If it's a text document, and formatting isn't an issue, you could also just save it as a plain text document. Plain text has been around practically since computers could type, and I don't think it's going anywhere. Very future proof.

As for powerpoint/keynote documents, I don't think there is a way to truly further proof them outside of printing them to PDF and just having the slides visible.
 
PDF is great for static, styled content.
Just plain text is also great for anything that is text-based with the downside being that there is no formatting. You could also use Rich Text or explore Markdown.

However, I recently read/heard a discussion that Office format might not be such a big deal in the end. Obviously it is a format developed by a single company, but that the spec has been published and it is easy to find programs that are able to easily open Office documents.

As long as you stick to simple styling (as you have done), most modern productivity software should be able to round-trip an office document without issue. What I mean by that is that if you created a document in Word with simple formatting (bold, italics, lists, tabs & justification), you should be able to save it, open it in Pages, make changes, save it and open it back in Word with no loss of fidelity. Same thing with presentation slides.
 
-..........
Maintaining archives of old documents is a huge and complex field. National archives, for example, often maintain very old computers so that they can run very old applications, in order to access documents that are really not that old.

Meanwhile, in Timbuktu, they recently smuggled out over a quarter of million manuscripts to keep them safe from the rebels. Books and parchments that are up to 900 years old. While we have issues keeping a 15 year old Word document safe. sigh....

Excellent post, and, as an historian, I hear you and echo what you have just written, fervently.

To me, it is incredible that we can store documents that are thousands of years old - or centuries old - that are as readable as the day they were written, while documents created in the then cutting edge 1990s can be as inaccessible as hieroglyphics were before Jean-Francois Champollion cracked them with the use of the Rosetta Stone. Absolutely bizarre, and paradoxical.

I to store them as PDF with the caveat of knowing you are very very limited on the editing of said document.

True, alas; it is why I dislike PDF as a format.
 
Nothing wrong with keeping them as PDF as others have said, but you might consider keeping just a plain old text version too. Sure you lose formatting (I guess you could use LaTeX) but for the most part, a text file will always be readable and at worst a computer nerd should be able to convert it easily should the encoding change drastically over the years.
 
Nothing wrong with keeping them as PDF as others have said, but you might consider keeping just a plain old text version too. Sure you lose formatting (I guess you could use LaTeX) but for the most part, a text file will always be readable and at worst a computer nerd should be able to convert it easily should the encoding change drastically over the years.
Yep, I was just about to post something like this... just keep them as txt files, since layout and font preferences may change over time, plain text would be the most flexible and adaptable format to archive your files.

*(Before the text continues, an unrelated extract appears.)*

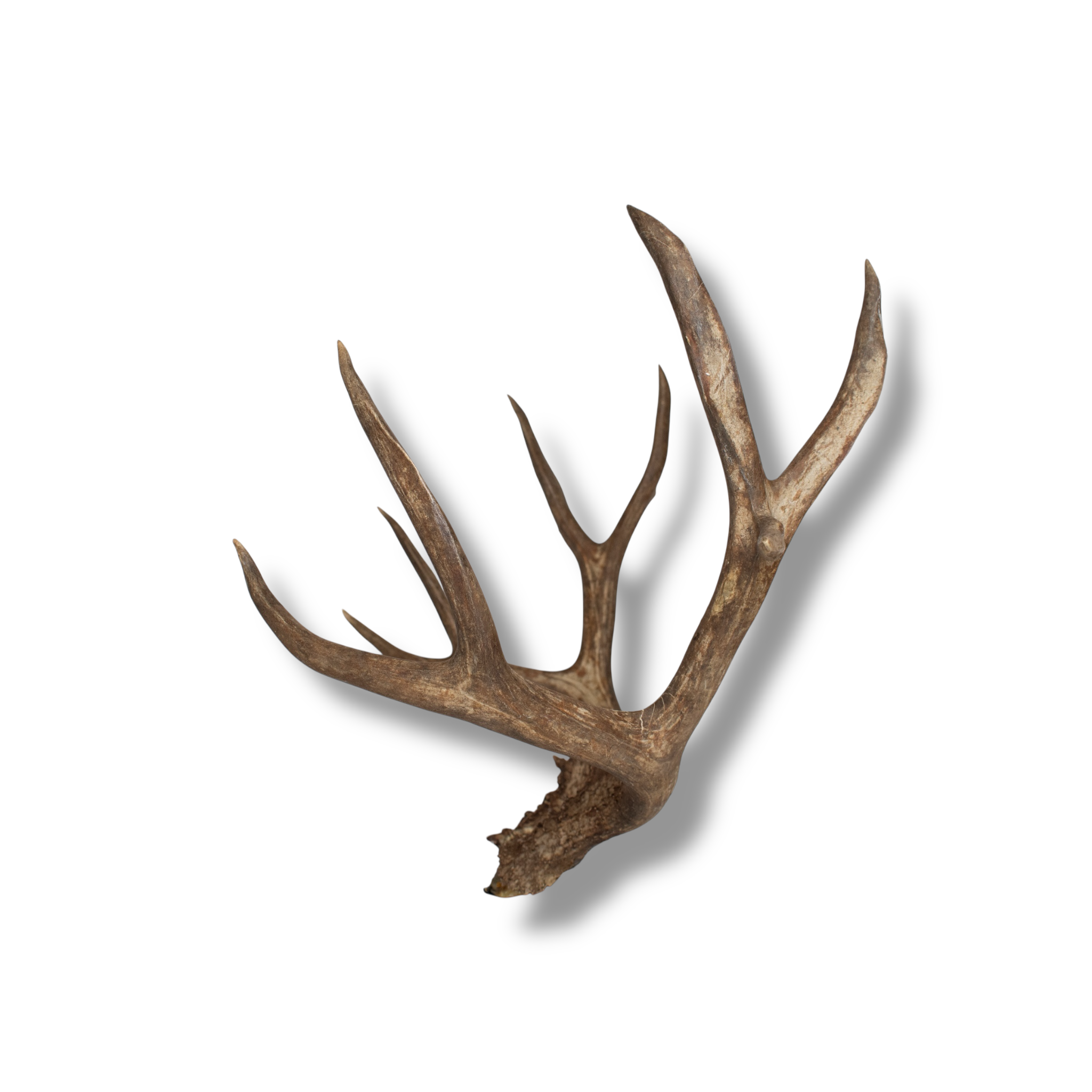 Mule Deer Large| Made-to-Order | 31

EDIT: I'd like to add that a lot of sequencing data is kept in plain txt format (either tab-delimited or comma-separated) because txt files can be read almost universally on any machine. For reference, google "FASTA file format" or "FASTQ file format" to see what I mean. In addition, a lot of the data that I work in is in txt format because it lends itself to being more easily loaded in to analytical environments like R, etc. Like Panda said, you lose some of the encoding that you get from storing it in other formats, but for archival purposes there's a lot to like about plain text.
 
If you are not concerned about editing, use PDF.

I can recommend scanning all your documents with a software like Prizmo (which I use myself). It has OCR, so it recognizes all text (even handwritten), so you can search in it (and edit it, but that doesn't work so well).

Combine it with DEVONthink to categorize, organize etc., and you've got a really really great "document manager"!